Stored records
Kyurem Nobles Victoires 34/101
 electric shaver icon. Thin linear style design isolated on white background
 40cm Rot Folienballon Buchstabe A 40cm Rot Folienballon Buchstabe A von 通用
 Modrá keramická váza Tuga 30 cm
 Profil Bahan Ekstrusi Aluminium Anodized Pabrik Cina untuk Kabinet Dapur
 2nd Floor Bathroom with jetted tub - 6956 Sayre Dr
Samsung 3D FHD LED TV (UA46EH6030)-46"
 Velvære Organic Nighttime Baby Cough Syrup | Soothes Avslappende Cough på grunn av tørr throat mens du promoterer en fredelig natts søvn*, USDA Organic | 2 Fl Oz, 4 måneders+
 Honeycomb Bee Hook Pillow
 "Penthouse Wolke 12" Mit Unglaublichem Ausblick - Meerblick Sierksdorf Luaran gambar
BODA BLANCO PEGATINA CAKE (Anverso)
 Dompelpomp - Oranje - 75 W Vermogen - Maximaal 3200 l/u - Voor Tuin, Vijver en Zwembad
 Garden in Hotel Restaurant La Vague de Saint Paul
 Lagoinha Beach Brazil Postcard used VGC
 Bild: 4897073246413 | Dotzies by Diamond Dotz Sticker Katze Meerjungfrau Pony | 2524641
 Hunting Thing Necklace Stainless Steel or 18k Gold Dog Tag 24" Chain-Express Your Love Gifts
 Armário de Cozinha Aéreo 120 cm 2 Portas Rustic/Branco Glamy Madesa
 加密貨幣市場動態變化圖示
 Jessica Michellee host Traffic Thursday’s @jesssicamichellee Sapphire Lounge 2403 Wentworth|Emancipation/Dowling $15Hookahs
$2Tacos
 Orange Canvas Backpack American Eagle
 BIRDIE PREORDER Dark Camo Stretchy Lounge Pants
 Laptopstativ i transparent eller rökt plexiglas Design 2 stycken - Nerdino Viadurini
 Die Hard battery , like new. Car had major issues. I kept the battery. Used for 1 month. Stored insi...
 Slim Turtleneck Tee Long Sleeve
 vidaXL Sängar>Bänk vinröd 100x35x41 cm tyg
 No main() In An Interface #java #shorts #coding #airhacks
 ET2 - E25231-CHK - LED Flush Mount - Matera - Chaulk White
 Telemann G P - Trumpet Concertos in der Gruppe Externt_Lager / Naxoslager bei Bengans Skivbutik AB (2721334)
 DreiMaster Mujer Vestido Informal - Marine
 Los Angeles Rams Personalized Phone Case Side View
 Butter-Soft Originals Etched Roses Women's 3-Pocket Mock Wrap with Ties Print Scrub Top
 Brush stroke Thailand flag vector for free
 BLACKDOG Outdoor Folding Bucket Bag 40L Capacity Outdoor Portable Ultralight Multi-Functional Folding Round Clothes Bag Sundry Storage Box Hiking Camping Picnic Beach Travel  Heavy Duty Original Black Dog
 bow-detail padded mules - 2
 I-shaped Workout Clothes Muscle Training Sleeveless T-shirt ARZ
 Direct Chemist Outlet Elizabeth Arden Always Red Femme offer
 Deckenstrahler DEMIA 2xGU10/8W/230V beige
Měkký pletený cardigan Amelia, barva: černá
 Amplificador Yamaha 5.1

Prompt: Please output exactly the lines between the one holding "DreiMaster Mujer Vestido Informal - Marine" and the one holding "Brush stroke Thailand flag vector for free" in the records above, inclusive, and nothing more.

Task output:
 DreiMaster Mujer Vestido Informal - Marine
 Los Angeles Rams Personalized Phone Case Side View
 Butter-Soft Originals Etched Roses Women's 3-Pocket Mock Wrap with Ties Print Scrub Top
 Brush stroke Thailand flag vector for free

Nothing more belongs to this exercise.